Hiring strategies are no longer the same. Gone are those days where candidates just required to flash their resumes and bam, they’re hired. With the emergence of technology and innovation, the recruitment process has drastically transformed.
One of the biggest changes in the present scenario is the importance that is placed on the candidate’s technical know-how and not just theoretical knowledge.
Having said that, preparing for a career in data science is not a turkey shoot. There are times when you’ll be put to test. Despite the level of expertise or years of experience you own, the interviewer can throw you off with difficult questions you wouldn’t expect.
As said by Steve Donahue, a principal recruiter at Entrust Datacard, candidates looking to launch their career in data science must prepare to place themselves like a piece of a puzzle. You need to imagine yourself where you might be the perfect fit or the perfect puzzle to the organization you’re interviewing at. Steve also mentions that all organizations do not use the same kind of tools. Thus, bringing something new to the organization can be an added advantage for you.
While hiring a candidate for a data scientist role the major skills that should be looked at are their experience in using statistical modeling tools that includes R, Tensorflow, and SciKitLearn.
However, for a role that is more technical most employers like to dig deep into the candidate’s previous job roles. And without a doubt, if you’re one of those looking for such kind of job roles, you need to be well prepared with such technical questions in advance.
- What is your daily task? What is your core responsibility toward your team?
- Or is it feasible to build a predictive model in the absence of labeled data using unsupervised ML techniques? If yes, how?
For data science, a professional who is looking to get into different roles in data science must know certain data scientist skills.
According to Burning Glass, a portal that identifies varied skills into what organizations look for from a candidate has defined the most wanted data science skills in three sections: –
- Defining skills – for the day to day responsibilities
- Data science
- Machine learning
- Python and R
- Apache Hadoop
- Data analysis
- Big data
- Data mining
- Predictive modeling
- Necessary skills – these are the skills that provide the lowest barrier to enter the data science industry. Since these skills can also be found in other professions, they often work as a stepping stone to launch their first data science job
- Software development
- Statistical analysis
- Distinguished skills – these are advanced skills that are most preferred for candidates applying for various data science job roles. To get into such kind of job roles advanced skill set is required, thus a certification in data science along with training programs would be much preferred
- Model building
- Classification algorithms
- Data engineering
- Supervised learning
- Unsupervised learning
Data science challenges
During the interview, the recruiter may come up with questions related to data science challenges and problems. This is where the candidate’s expertise will be judged or analyzed.

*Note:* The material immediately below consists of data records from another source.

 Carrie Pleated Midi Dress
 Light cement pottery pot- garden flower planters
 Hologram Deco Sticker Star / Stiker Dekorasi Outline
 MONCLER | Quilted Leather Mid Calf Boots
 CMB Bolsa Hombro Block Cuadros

You should be ready with answers to questions like: –
- What would your next step be if you get to know your project is failing?
- What are the kind of steps you would take or alternative statistical models you would make to ensure everything goes as planned?

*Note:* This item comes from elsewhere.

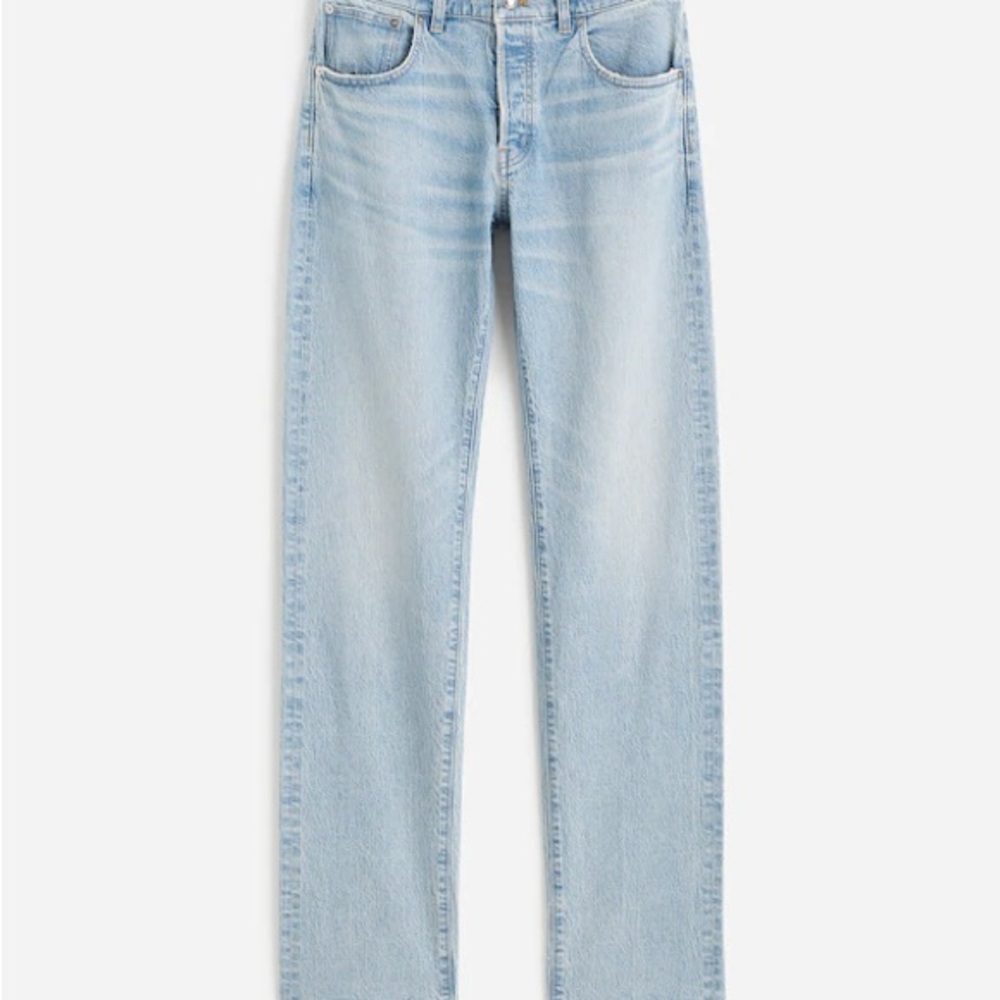 Light Blue Straight-Leg Jeans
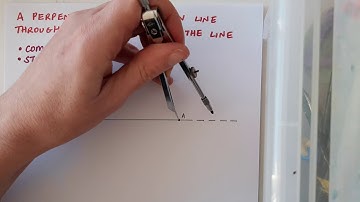 Construction #3 - A perpendicular to a given line through a given point on the line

Top employers are in a keen lookout for data science candidates who can solve data science challenges and those who can distinguish between the technical skill and business acumen.
You must be well prepared for questions like what are the data science sources you would use or how do you acquire data, what would be your end goal?
As mentioned previously, a career in data science is not a cakewalk. Getting into the crux of it also requires the candidate to hold a strong stand on soft skills.